Like UPS, Amazon has denied that there is anything dangerous about their working conditions, or that those conditions contributed to Frias’s death. The company is known for its high rates of injury and death among its workforce.

The sometimes-lethal summer temperatures that UPS and Amazon employees are working under has already taken a huge toll on workers more broadly. According to a Public Citizen report, “Heat exposure is responsible for 600-to-2,000 worker fatalities, annually, ranking it among the top three causes — and possibly the top cause — of occupational fatalities.” And the number of heat-related deaths is only likely to climb as summers get hotter.

OSHA has the authority to create rules that could protect workers from heat-related injuries and death but has dragged its feet on beginning to formulate them until last year. Worse still, it takes the agency more than seven years on average to come up with new safety standards and sometimes even longer. (A 2012 US Government Accountability Office report said, “Experts and agency officials cited increased procedural requirements, shifting priorities, and a rigorous standard of judicial review as contributing to lengthy time frames for developing and issuing standards.”)

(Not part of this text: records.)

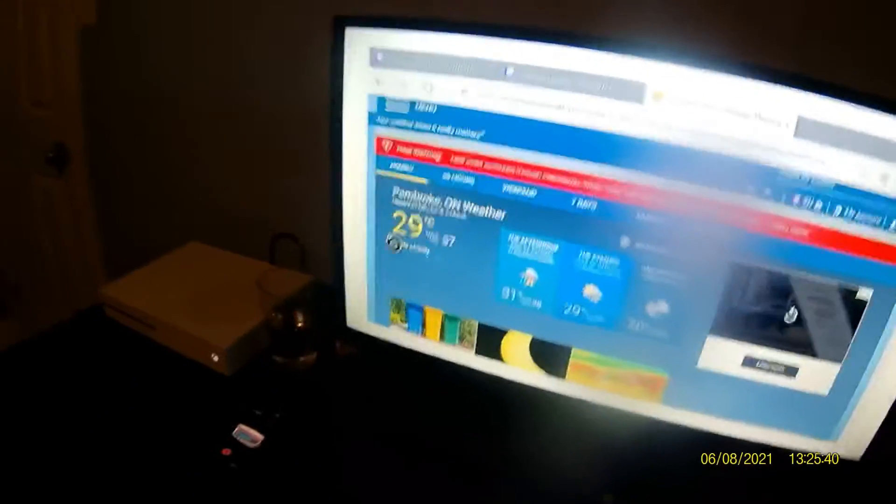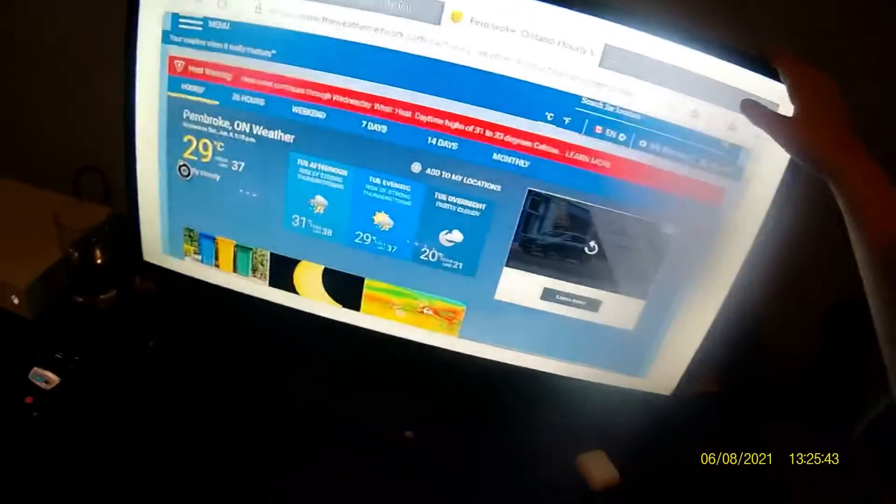We have from last time a 32-inch Roku RCA TV, 1080p, which is fine. We also have this Apple TV — third generation, not the new one. I don't really use Apple TV all that much, I really use it just to connect my phone to my TV to watch hockey.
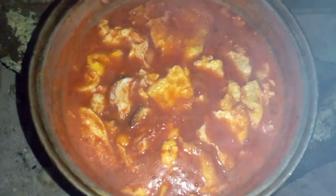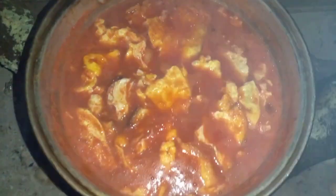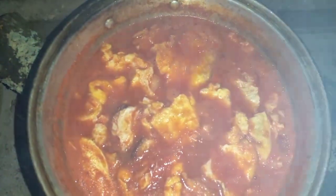Now that the salsa is boiling I'm going to start adding in my egg. Here is what my finished salsa de huevo looks like. And here's our dinner — salsa de huevo with aguacate and a cup of fresca.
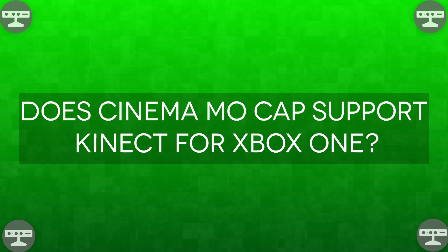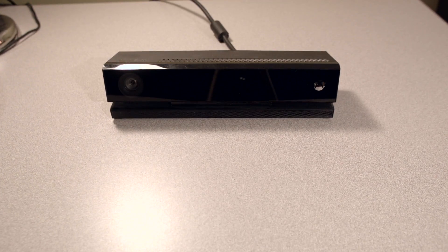Does Cinema MoCap support Kinect for Xbox One? You bet it does. Just like the first generation Kinect, the Xbox 360 version and the Kinect for Windows version are actually the exact same piece of hardware, just branded a little differently. They did the exact same thing again — the PC Kinect and Xbox Kinect are the exact same thing. You just need an adapter for the Xbox Kinect again, but this time it's a bit more expensive. You can't get it on Amazon; you have to order it off Microsoft's website and it's about 60 or 70 bucks. I'll link that too if you want to use your Xbox One Kinect with Cinema MoCap.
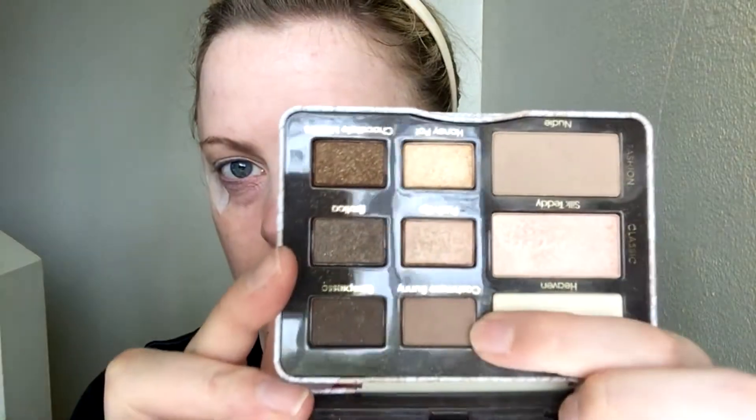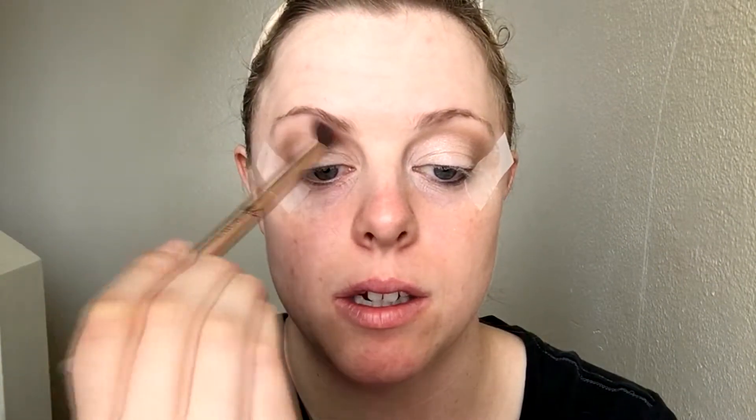I have to go back in with the Natural Eyes palette by Too Faced because I forgot to do the Cashmere Bunny shade. I'm going to very lightly put that in my V and draw it towards the crease. Then I'll blend it with my crown brush, going super lightly around the edges.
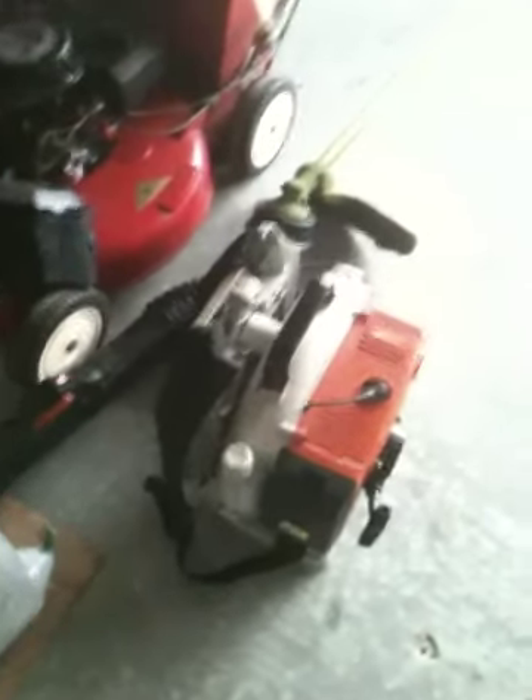Anyway, today I'm going to be cold-starting my Stihl BR-420 Magnum. It's a 56.5cc engine and it costs about $400, so if you want a commercial blower for $400 and you've got the money to spend, buy it.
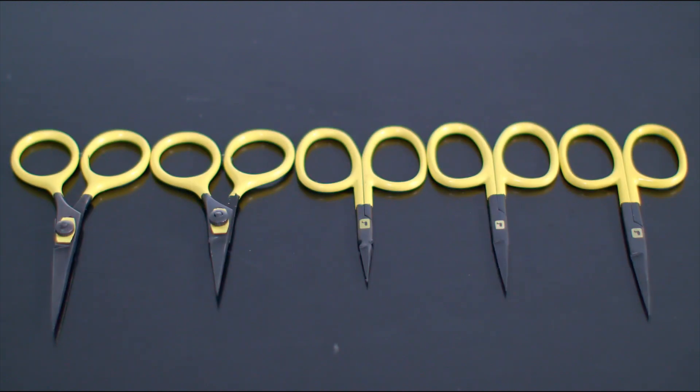Achieving the perfect blend of quality, comfort, and performance, these are the fly tying scissors from Loon Outdoors.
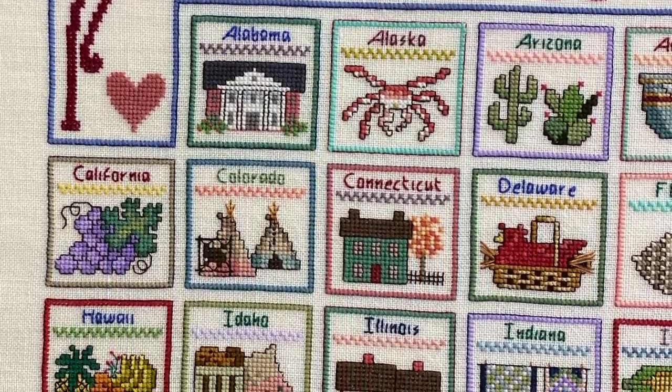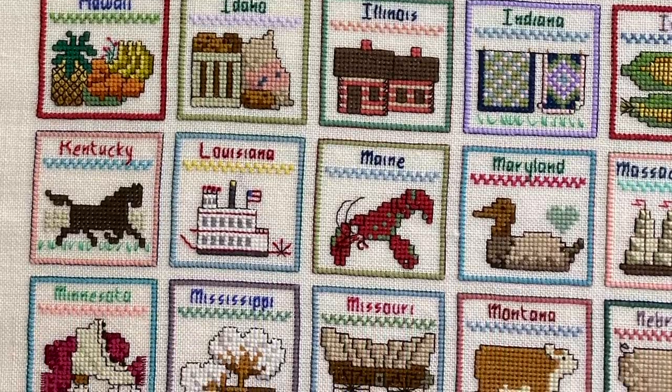One comment I want to share came from Nancy, whose dad was a Navy chaplain and they lived all over America. She was thinking about stitching it and personalizing it with the dates they lived in each state — just a clever way of making changes. What's nice about this design is you can actually expand each one of the states, because the borders are just straight. It would be very easy to make the state squares deeper if you wanted more space to add a date. Just keep in mind that the stitch count is for the chart as designed, so you'll need to account for any added depth.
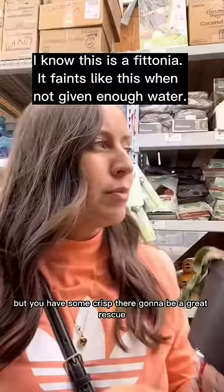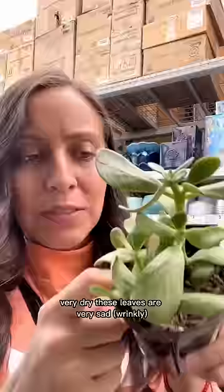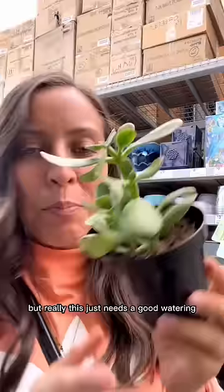Now you also want to figure out what the care type of this plant is — something that I necessarily would want to tackle. Now this jade is a perfect example of an amazing rescue. It's very dry and these leaves are very sad, but really this just needs a good watering in order for it to plump up.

That doesn’t mean OSHA is powerless. The Public Citizen report goes on to note that OSHA could issue

an Emergency Temporary Standard (ETS). An ETS can be created and adopted in months and carries the same force as a permanent standard. . . . The agency should issue an emergency standard as soon as possible to address the crisis of the moment, and figure out how to deal with possible challenges to the standard’s duration or extension if they arise.

OSHA is part of the Department of Labor, so Joe Biden could simply direct the agency to create an emergency standard to protect workers now. He has not done so, reflecting a broader pattern of the administration’s refusal to take advantage of executive power to improve people’s lives, even as much of his agenda has languished in Congress. In the absence of federal intervention, the task will fall to workers at UPS, Amazon, and elsewhere to fight for protections for themselves.

Climate change doesn’t just mean rising sea levels and the mass extinction of entire species. It also means Amazon workers dying while stocking packages, UPS drivers keeling over during deliveries, and farmworkers expiring as they harvest your food. The president actually has the ability to do something to help workers endangered by extreme heat. He has no excuse not to.